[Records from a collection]
= = = =

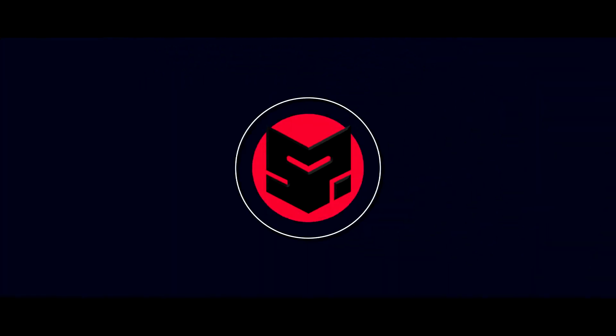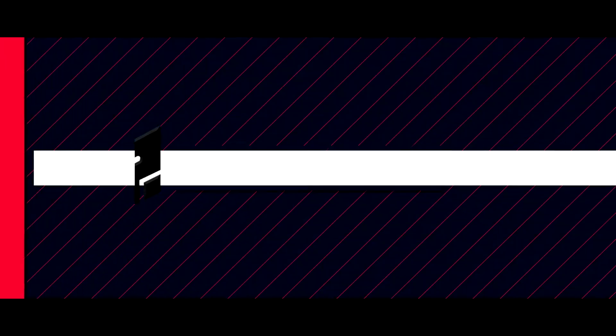दोस्तों मेरा नाम है Abdul Rashit और आप देख रहे हैं The Indian Budget Gamer। सबसे बड़ा downsideMIUI के साथ यह है कि यह एक बहुत ही heavily skinned operating system है। Multitasking की माने तो सबसे ज़्यादा खराब performance हमें देता है, और especially 2GB RAM वेरिएंट तो बिल्कुल खराब है, इवन दो apps एक साथ नहीं चला सकते।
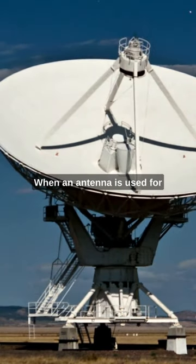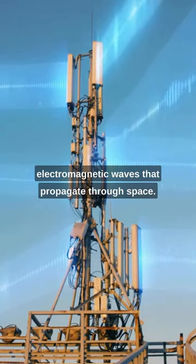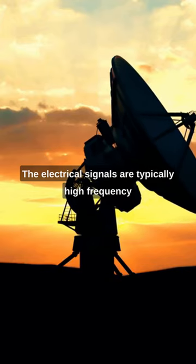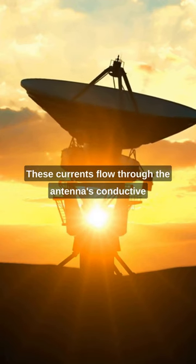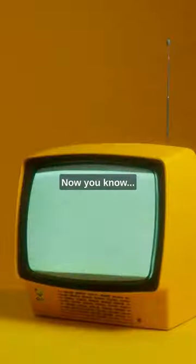When an antenna is used for transmission, it converts electrical signals into electromagnetic waves that propagate through space. The electrical signals are typically high-frequency alternating currents generated by a transmitter. These currents flow through the antenna's conductive elements, such as wires or metal rods.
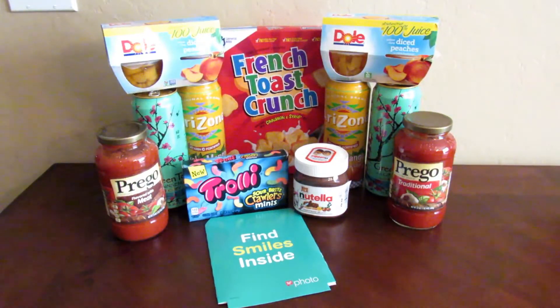Hi guys, welcome back to my channel, it's Teresa here. I have a mini grocery haul from Walgreens. I was feeling a little bit better so I went to Walgreens and did a couple of different transactions today. I thought I'd go ahead and do some groceries — they have some good deals going on this week on things I would normally buy at the grocery store.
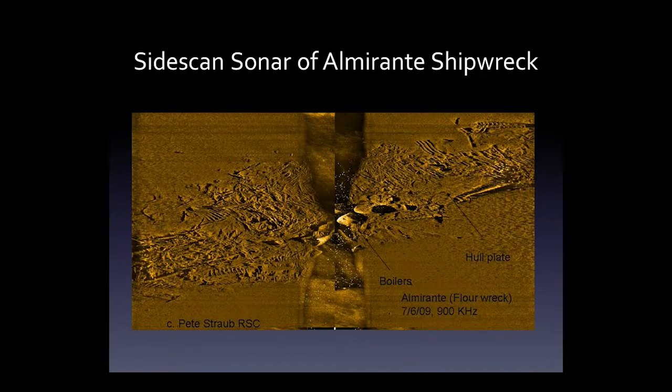We were able to take some pretty good side-scan sonar images of the Almirante. A side-scan sonar looks sort of like a torpedo — you tow it behind the ship, it sends out sound waves, and when they bounce back, the pattern gives you an idea of what the seafloor looks like. We were able to see specific portions of the shipwreck and narrow down where we wanted to collect samples. Importantly, this was a metal-hulled ship.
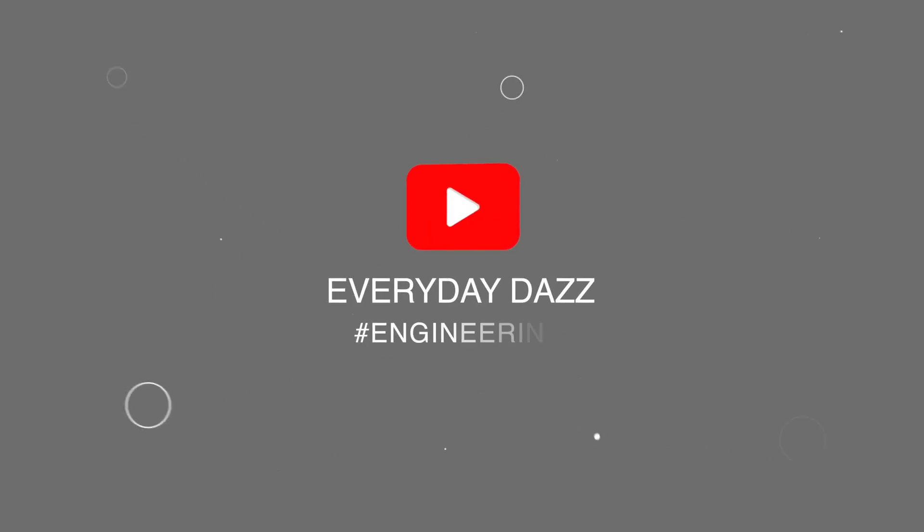Hey everyone, welcome back to the channel. Today I'm going to be going through some of my old CVs, critiquing them, and then I'll be offering up some tips on how to improve your own CV.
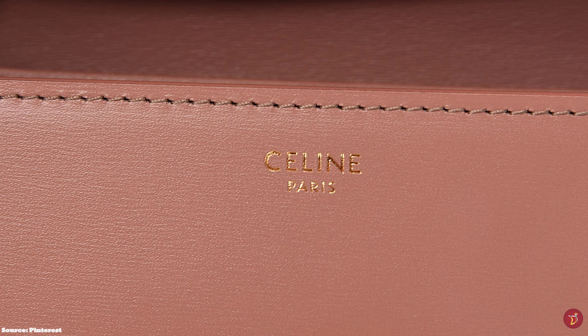The price of the Celine Triomphe bag starts at upwards of £2,750 for the medium regular size.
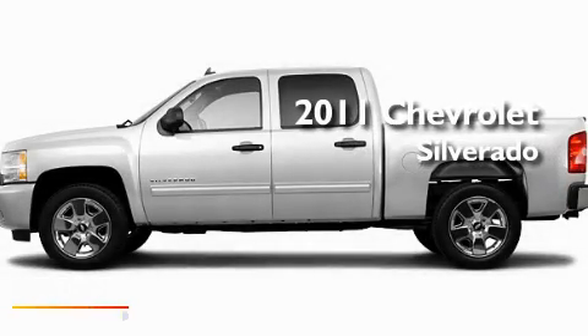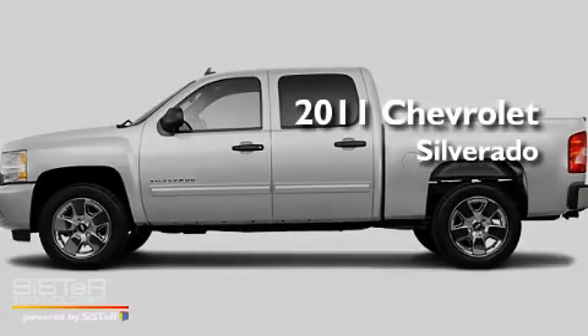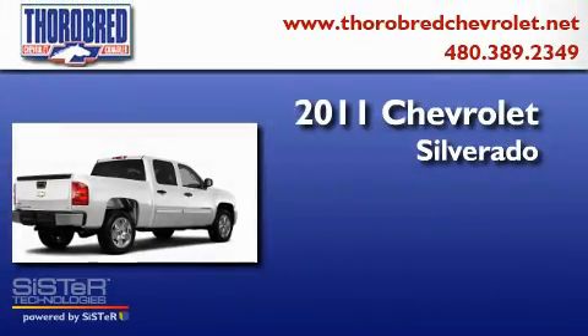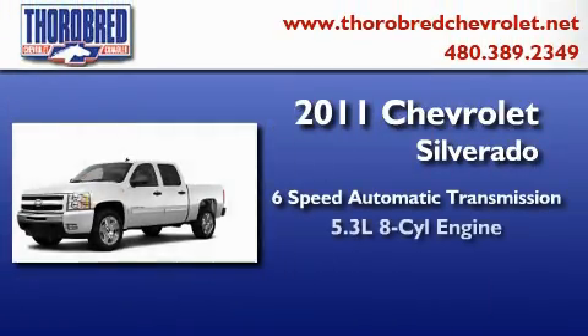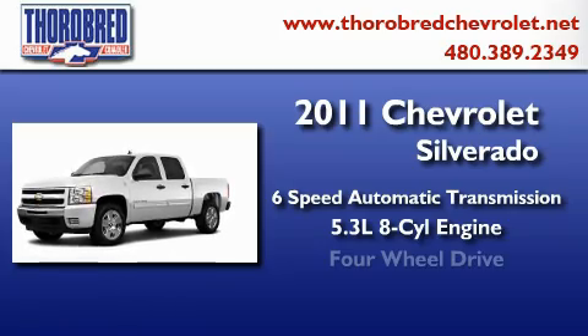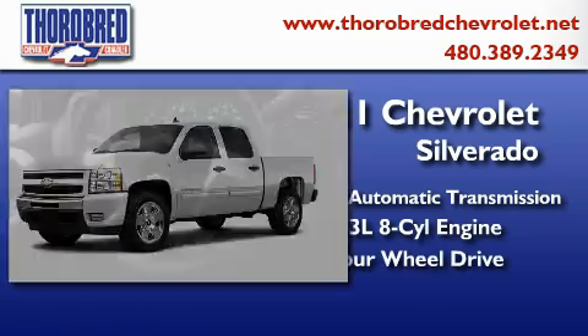This is a brand new 2011 Chevrolet Silverado. This truck has a 6-speed automatic transmission, a 5.3-liter V8, and the added capability of 4-wheel drive.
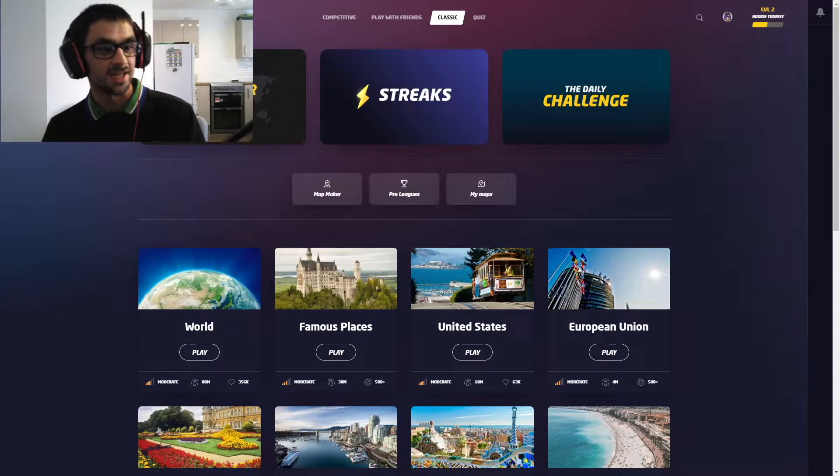In today's episode I'm going to be playing GeoGuessr, which is a game where you guess the geographical location of where you are based on the map and various different things in the area.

= = = =

> [Task requirements]: From the line containing "The price of" through the last line of the data above, write out every line word for word, and nothing else. Do not include the pictures.

> [Task answer]:
The price of the Celine Triomphe bag starts at upwards of £2,750 for the medium regular size.
This is a brand new 2011 Chevrolet Silverado. This truck has a 6-speed automatic transmission, a 5.3-liter V8, and the added capability of 4-wheel drive.
In today's episode I'm going to be playing GeoGuessr, which is a game where you guess the geographical location of where you are based on the map and various different things in the area.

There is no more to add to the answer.